FEARS are mounting in Stoke Prior for children as young as nine who will be forced to make a dangerous trek to school from September.

Parents, worried by the fate of the two ten year-old girls in Soham, are horrified by Worcestershire County Council's decision to axe a free school bus service.

Now the mums and dads have set up a committee to challenge the education authority's cost-cutting decision.

The free bus service will no longer be available for pupils living within three-miles of their school - unless their parents fork out £71 per term.

Instead youngsters will have to walk along the busy A38 from Stoke Prior to Bromsgrove.

The Stoke Prior Safety for Children Group met last Thursday night to discuss the situation and they have invited county council officers and town Tory MP Julie Kirkbride to walk the route with them next Wednesday.

Committee chairperson Katherine Troth, of Cloverdale, has a 13-year daughter, Helen, who will walk to South Bromsgrove High School when she starts there this autumn.

However, one of Katherine's other daughters, who attends Aston Fields Middle School, will receive free transport as the distance is over three-miles.

"Penny pinching by Worcestershire County Council will put the lives of our children at risk," she said.
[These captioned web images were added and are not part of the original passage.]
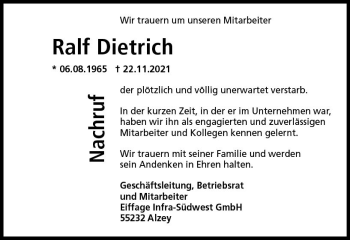 Traueranzeige von Ralf Dietrich von vrm-trauer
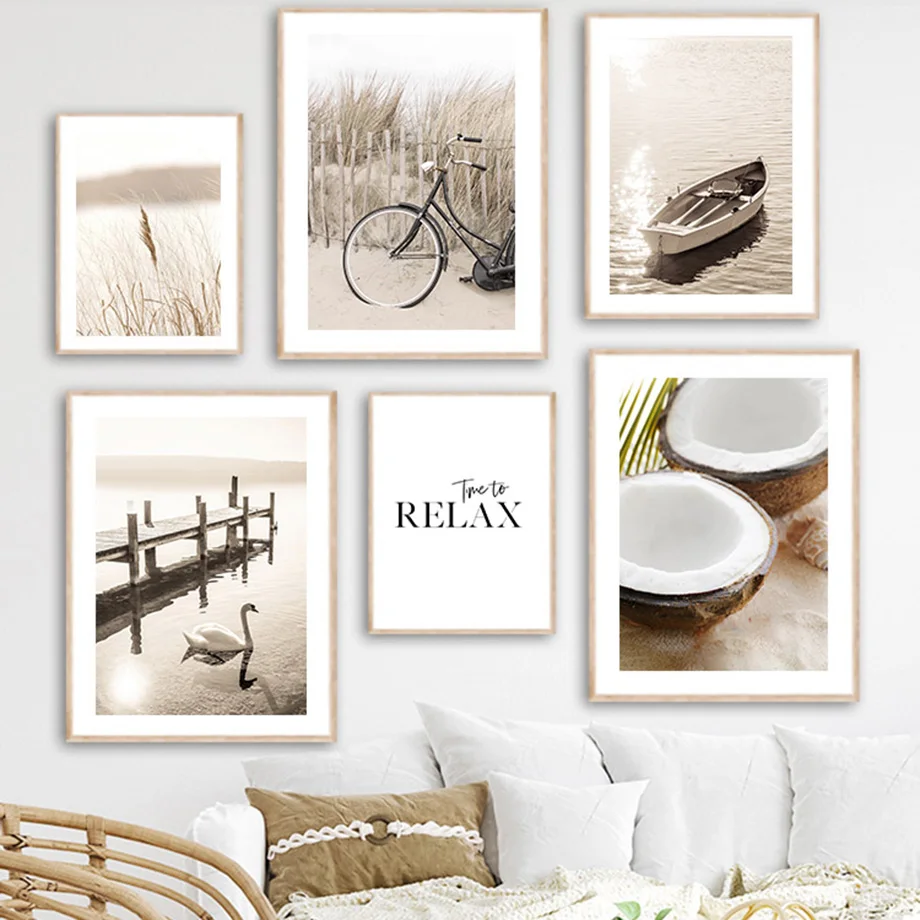 

Reed Bridge Lighthouse Swan Coconut Wall Art Canvas Painting Nordic Posters And Prints Landscape Wall Pictures For Living Room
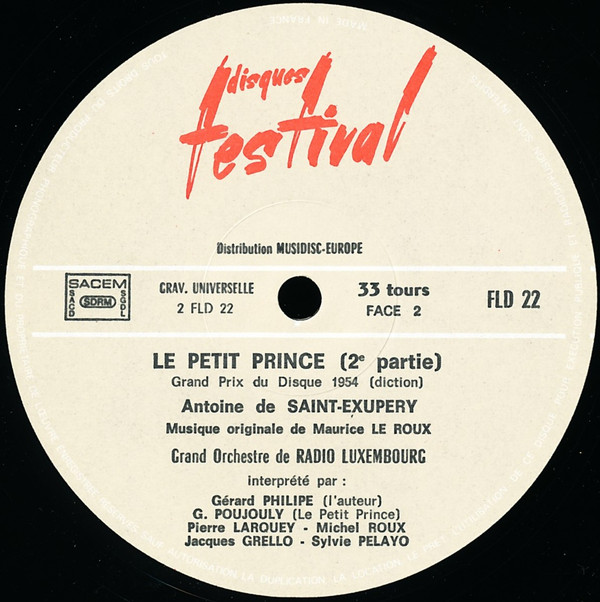 Antoine De Saint-Exupéry - Le Petit Prince | Disques Festival (FLD 22 S) - 3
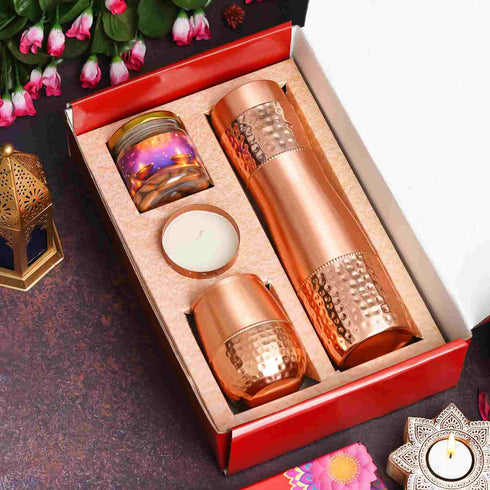 Copper Bottle Diwali Combo Gift Set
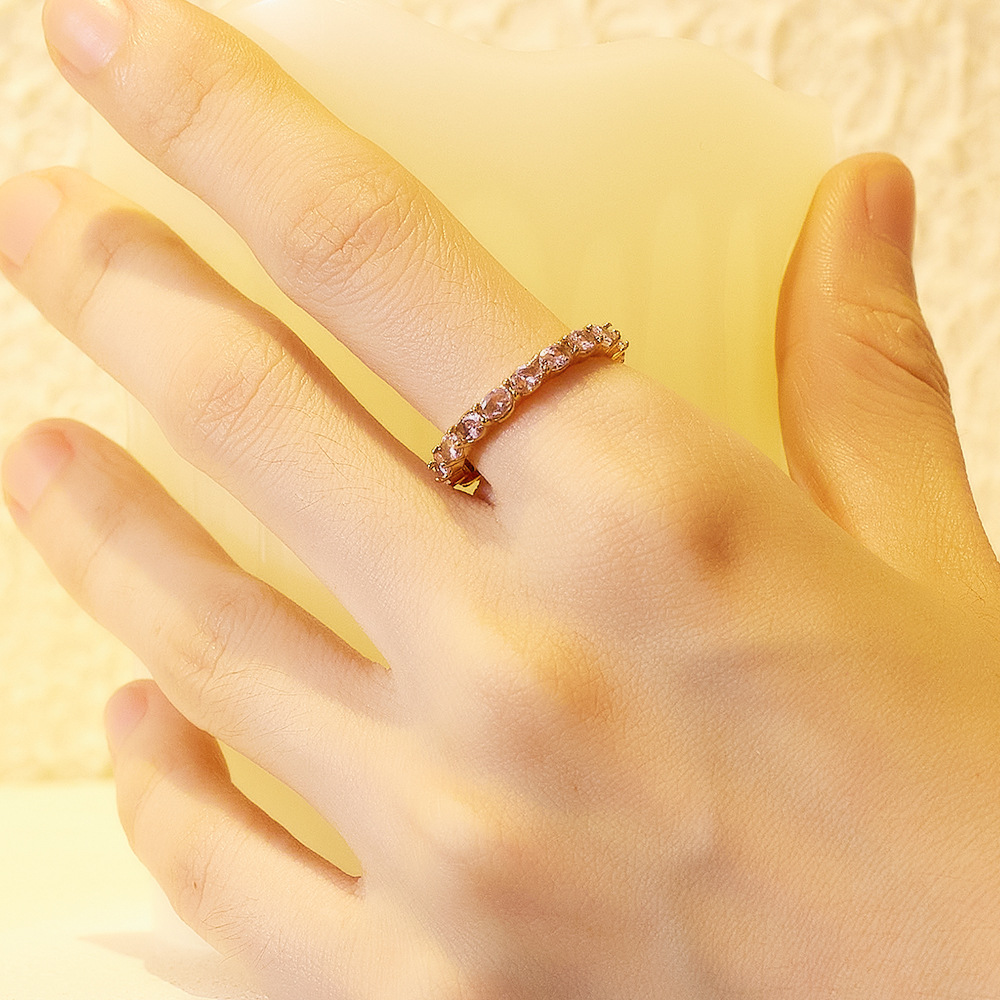 Street Occasion Titanium Steel Material Commute Round Titanium Steel Plating Inlay Zircon Gold Plated Rings
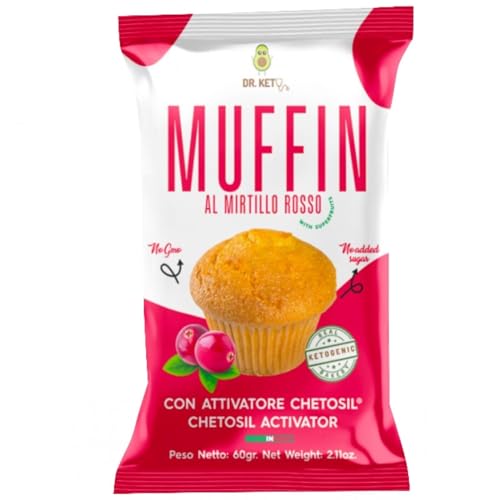 DR.KETO MUFFIN AL MIRTILLO ROSSO - Muffin Chetogenico Con attivatore Chetosil™ a base di Olio MCT (Box da 10 pezzi da 60g)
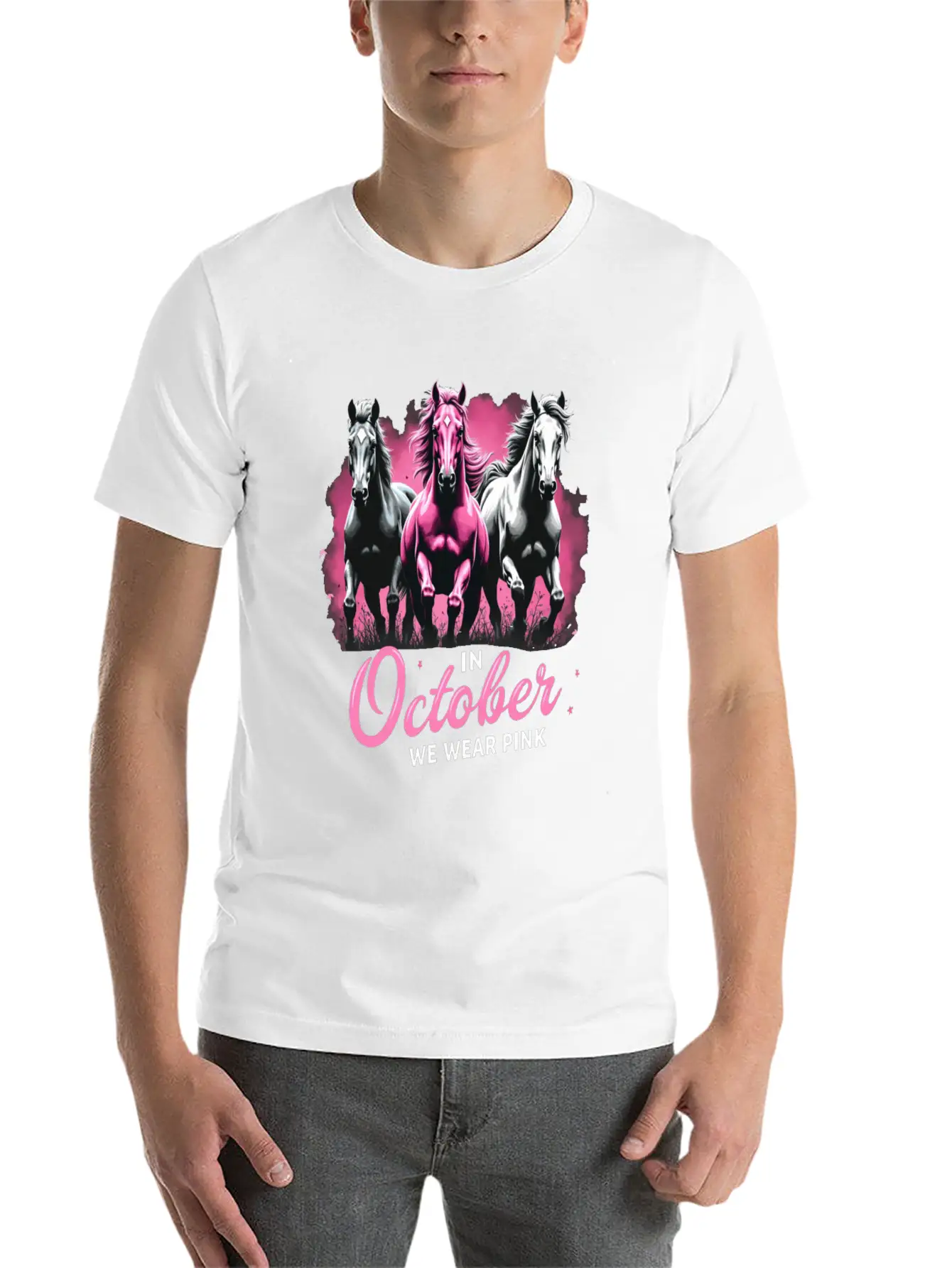 Horses For October Breast Cancer Classic Cotton Tee – Unisex Comfort For Any Season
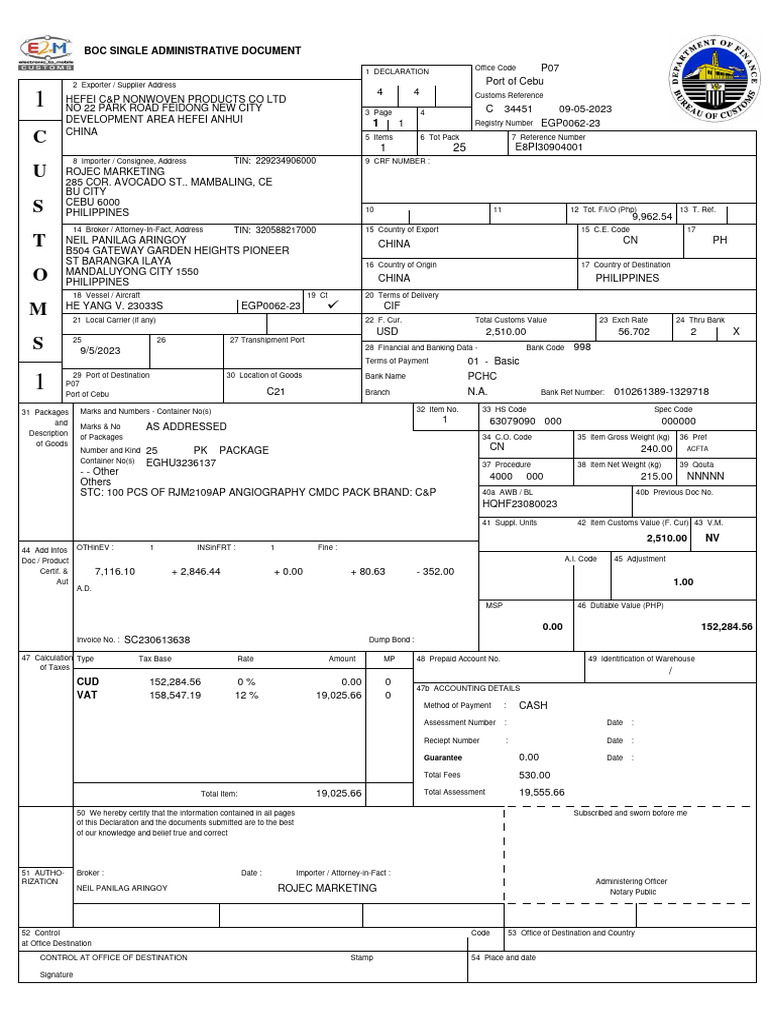 Rojec Marketing Customs Declaration | PDF | Taxes | Value Added Tax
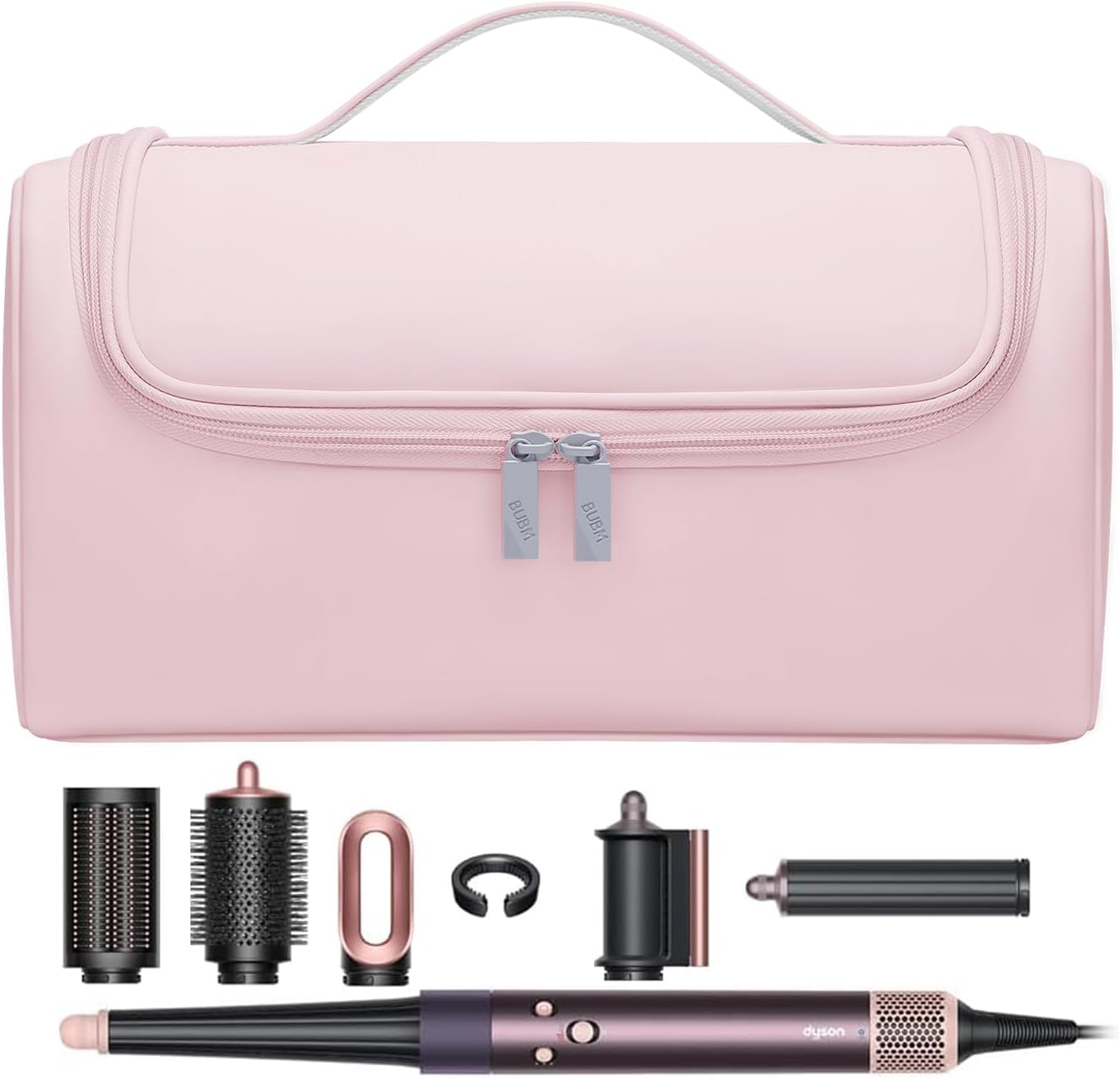 Dyson Airwrap Travel Case - Portable Storage Bag with Metal Hook | Fits All Models, Pink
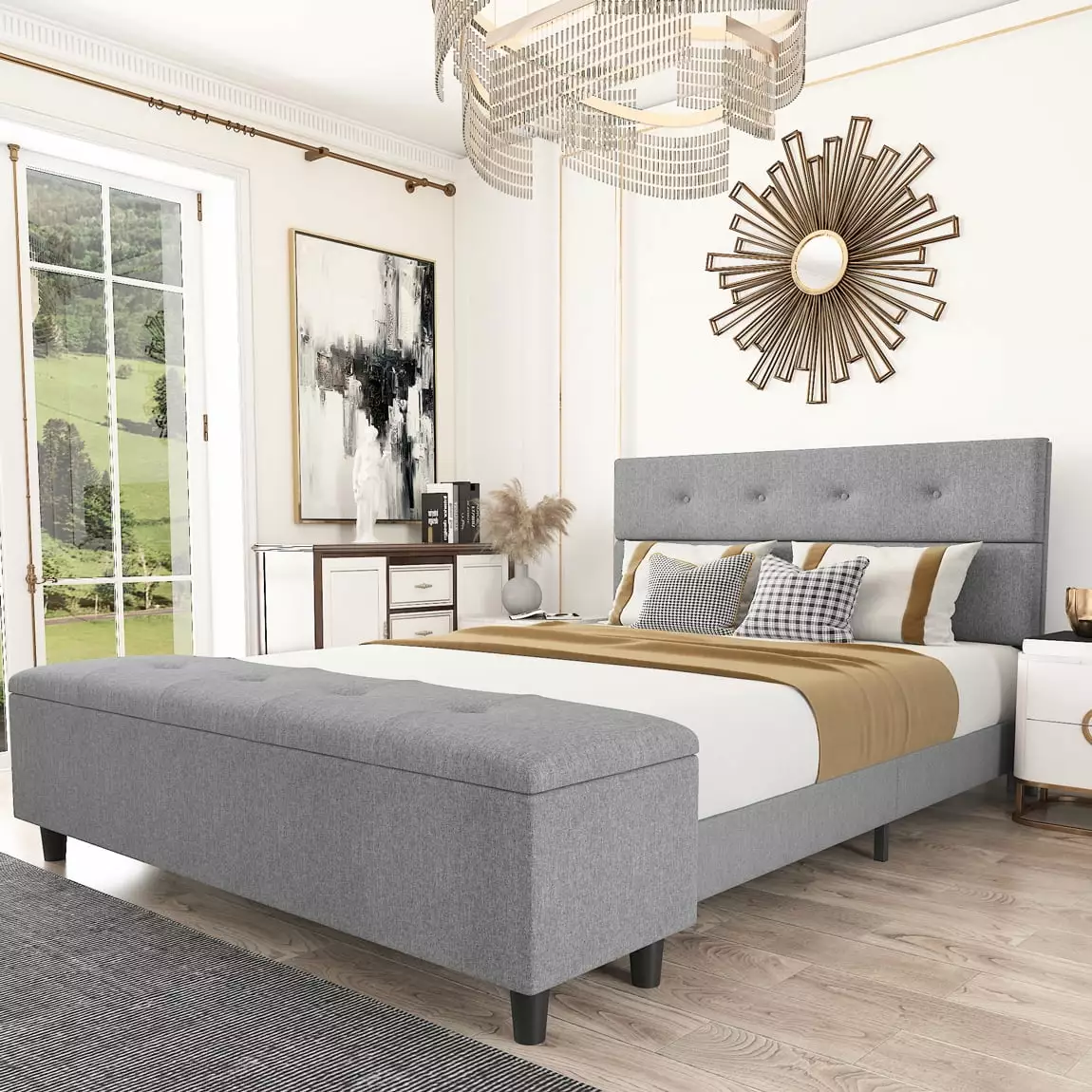Amolife Queen Linen Platform Bed Frame Button Tufted Headboard and Storage Ottoman Bench Light Grey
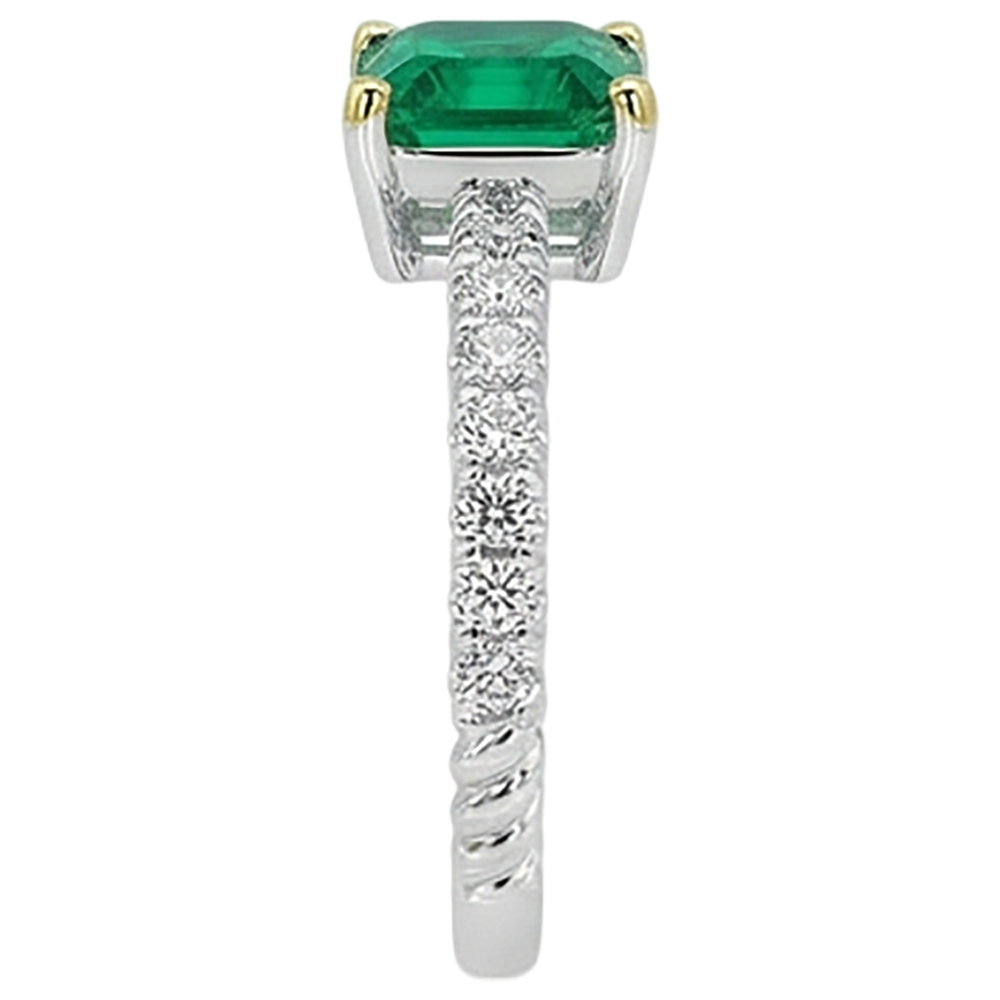 Kolumbianischer Smaragd Smaragd-Schliff Farbstein-Ring in 14 Karat Zweifarbig Gold – Draufsicht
"The removal of free school transport in September will force children as young as nine to walk along unlit country lanes, they will also have to cross a very dangerous road which already has 26 fatalities."

But Worcestershire county councillor, June Longmuir (Con - Bromsgrove South), said: "The free bus service was only a relief measure while we installed the controlled crossing at the turning onto Redditch Road.

"And the bus will still run, but parents will have to pay for their children to use it. The county council has totally fulfilled its legal requirements - it always has done and always will do."

The parents' committee is arranging a petition and will meet again to discuss the matter next Thursday.